Once the domain of colleges and universities, distance education is becoming more crucial for companies that wish to improve communications with employees, vendors and customers.

Dave Tranberg has the Holy Grail of the technology world, that all-important Something the Competition Doesn't Have — in this case — distance education. And, as luck would have it, that Something is a commonplace tool once relegated to college campuses and trade schools. Instead of night courses, Tranberg’s company, Roswell-based Sellera, uses distance education to push product details out to 250 sales people in showrooms nationwide. ‘What’s more, Sellera gets those details out just about as fast as clients Earthlink, Klipsch Audio Technologies and SimpleTech can ship their newest offerings.

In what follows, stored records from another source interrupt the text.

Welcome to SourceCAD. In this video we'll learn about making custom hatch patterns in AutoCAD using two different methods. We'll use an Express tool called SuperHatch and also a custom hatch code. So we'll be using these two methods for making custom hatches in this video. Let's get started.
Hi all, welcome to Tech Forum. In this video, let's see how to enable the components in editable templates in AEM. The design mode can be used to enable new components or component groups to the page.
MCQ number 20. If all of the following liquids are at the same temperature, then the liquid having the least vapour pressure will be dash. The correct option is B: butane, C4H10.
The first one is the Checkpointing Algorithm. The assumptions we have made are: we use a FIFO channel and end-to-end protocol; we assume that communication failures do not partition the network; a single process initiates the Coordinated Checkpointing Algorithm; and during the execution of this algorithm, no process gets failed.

“We can do turnaround and change content in a course in a matter of days,” says Tranberg, Sellera’s CEO, who started the company in 2002 after 24 years in the sales channel field when he discovered Design-a-Course, an online course-in-a-box sold by another Georgia company, Norcross-based MindIQ. Design-a-Course allows Sellera to churn out online mini-courses to train showroom personnel in the rapidly changing electronics market. “It’s more effective than posting a brochure to a website.”

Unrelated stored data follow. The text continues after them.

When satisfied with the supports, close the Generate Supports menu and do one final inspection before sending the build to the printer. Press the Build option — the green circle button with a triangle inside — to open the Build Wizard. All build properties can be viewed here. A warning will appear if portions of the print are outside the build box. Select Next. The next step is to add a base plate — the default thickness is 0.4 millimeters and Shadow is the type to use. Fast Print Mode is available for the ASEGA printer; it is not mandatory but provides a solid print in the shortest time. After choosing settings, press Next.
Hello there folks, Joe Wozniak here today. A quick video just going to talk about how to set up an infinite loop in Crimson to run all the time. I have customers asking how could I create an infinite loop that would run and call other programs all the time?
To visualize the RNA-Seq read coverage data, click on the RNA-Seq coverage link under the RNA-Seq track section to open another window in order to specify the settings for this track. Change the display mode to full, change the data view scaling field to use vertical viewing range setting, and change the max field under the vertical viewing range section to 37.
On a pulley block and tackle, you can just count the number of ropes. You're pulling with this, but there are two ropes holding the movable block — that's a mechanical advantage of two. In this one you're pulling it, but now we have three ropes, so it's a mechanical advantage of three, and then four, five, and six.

Such is the state of distance learning at the start of the 21st century. Also known as “elearning” or “virtual learning,” the idea is to take virtually anything the information explosion can dish out and encapsulate it into online sessions or live webcasts virtually anywhere in the world — from retail showrooms to doctors’ offices. And it couldn't come at a better time. Even as the three Ts (travel, telecommunications and technology) shrink our crowded world, proponents say elearning is harnessing a barrage of information to help save countless travel dollars, and even diagnose life-threatening illness.

DISTANCE LEARNING ISN’T JUST SAVING DOLLARS,
IT'S SAVING LiVES

When the SARS epidemic hit, for instance, course designers at the Centers for Disease Control in Atlanta sprang into action to get webcasts detailing symptoms and treatment to American doctors and nurses who has never before seen the disease.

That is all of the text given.